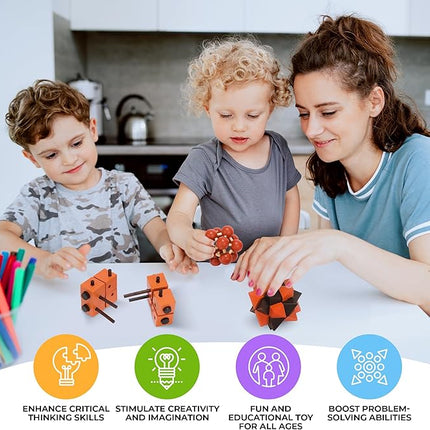Sharp Brain Zone Wooden Brain Teaser Puzzles for Adults & Kids (Kongming Puzzle Set of 3)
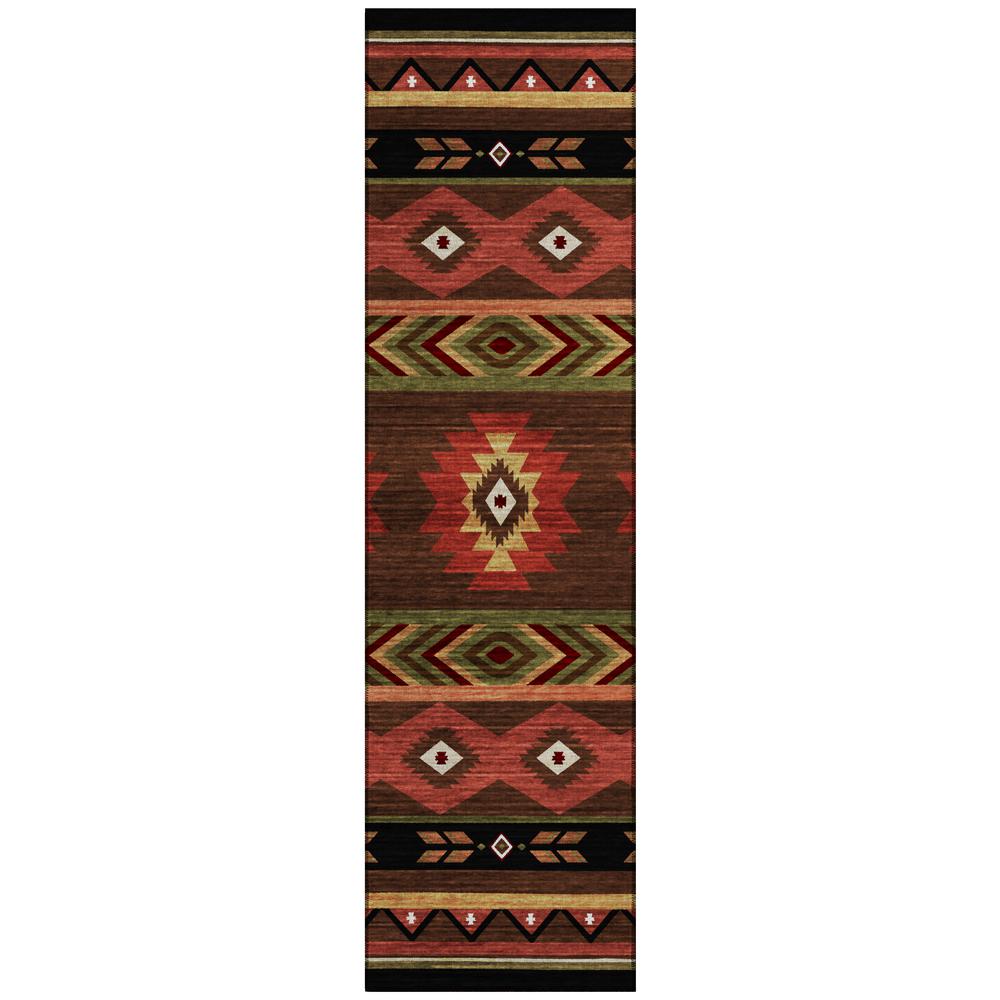 Indoor/Outdoor Sonora ASO33 Brown Washable 2'3" x 7'6" Runner Rug. Picture 1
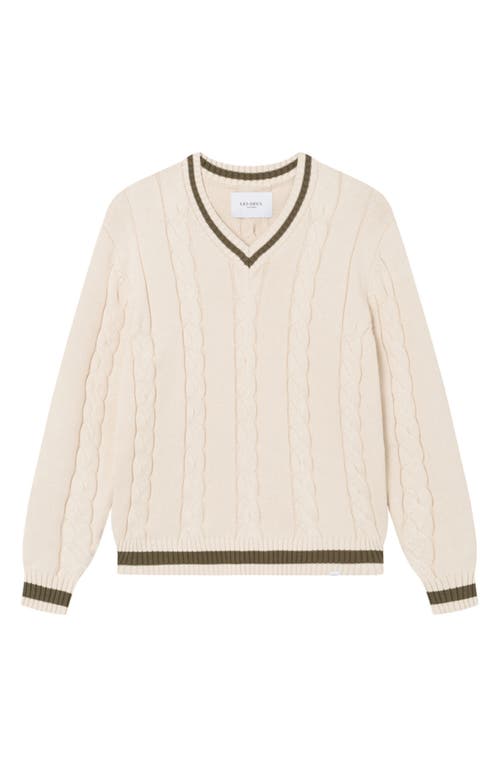 Les Deux George Cable Knit V-Neck Sweater in Ivory/Olive Night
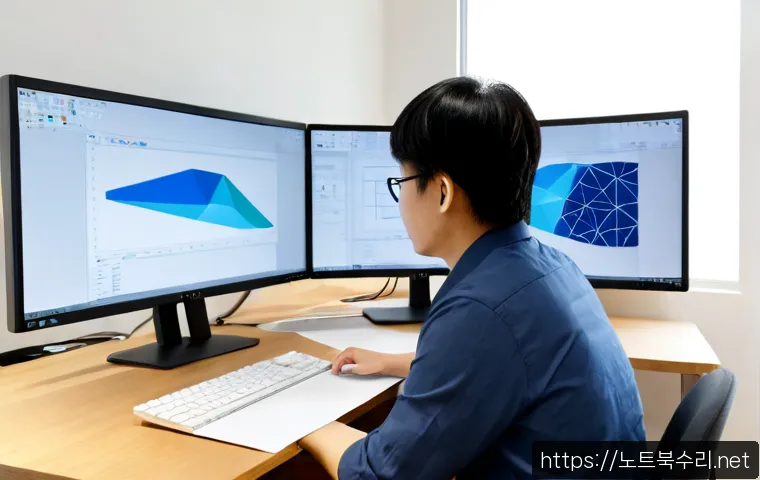 기배동 SESSION_HAS_VALID_VIEWS_ON_EXIT - Photorealistic product design workstation in a bright Gibaedong-style suburban office, dual monitors...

----------------------------------------

__WHAT THIS TASK INVOLVES__
An exact copy of the listing is required, excluding any pictures.

__TASK ANSWER__
Sharp Brain Zone Wooden Brain Teaser Puzzles for Adults & Kids (Kongming Puzzle Set of 3)
 Indoor/Outdoor Sonora ASO33 Brown Washable 2'3" x 7'6" Runner Rug. Picture 1
 Les Deux George Cable Knit V-Neck Sweater in Ivory/Olive Night
 기배동 SESSION_HAS_VALID_VIEWS_ON_EXIT - Photorealistic product design workstation in a bright Gibaedong-style suburban office, dual monitors...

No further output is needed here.